(BRIEF) The answer must give back every line of the data exactly, with no pictures.

(SOURCE DATA)
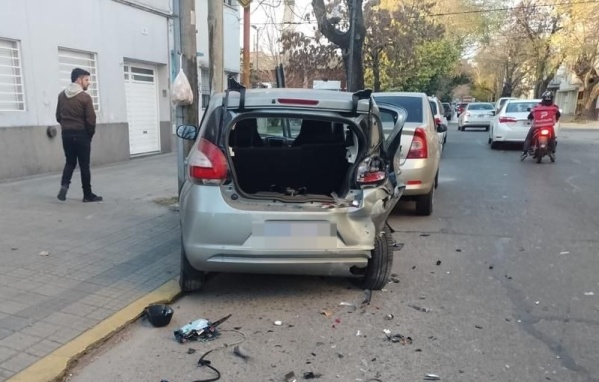 Un hombre de 48 años perdió el control de su auto y chocó a dos vehículos estacionados en 6 y 37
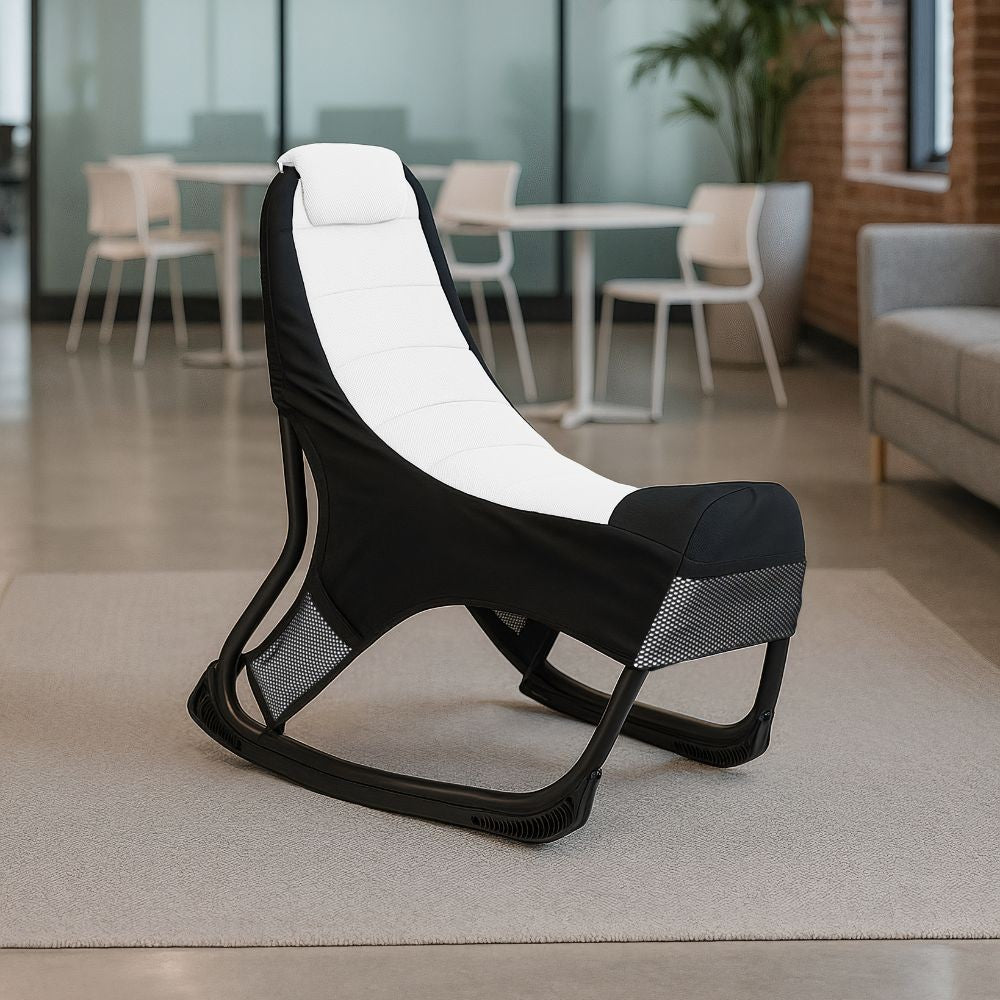 sedia gaming rocky con seduta imbottita in rete bicolore nero e bianco, dettaglio di schienale regolabile e braccioli imbottiti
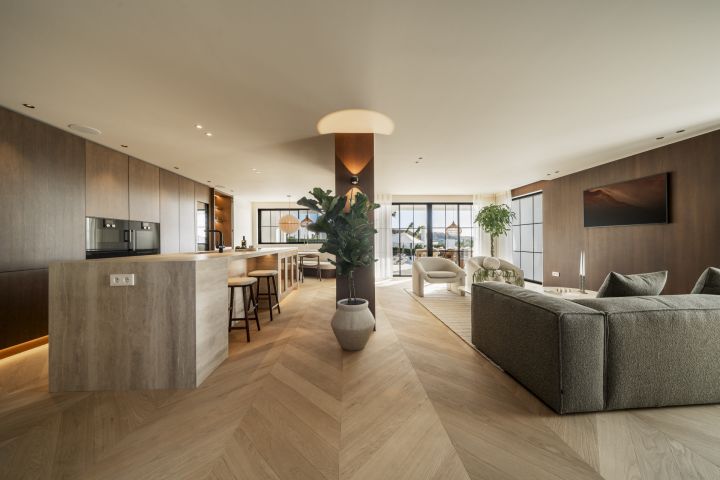 Auriga 13 - Newly Renovated Home with Sea and Golf Views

(WRITTEN SOLUTION)
 Un hombre de 48 años perdió el control de su auto y chocó a dos vehículos estacionados en 6 y 37
 sedia gaming rocky con seduta imbottita in rete bicolore nero e bianco, dettaglio di schienale regolabile e braccioli imbottiti
 Auriga 13 - Newly Renovated Home with Sea and Golf Views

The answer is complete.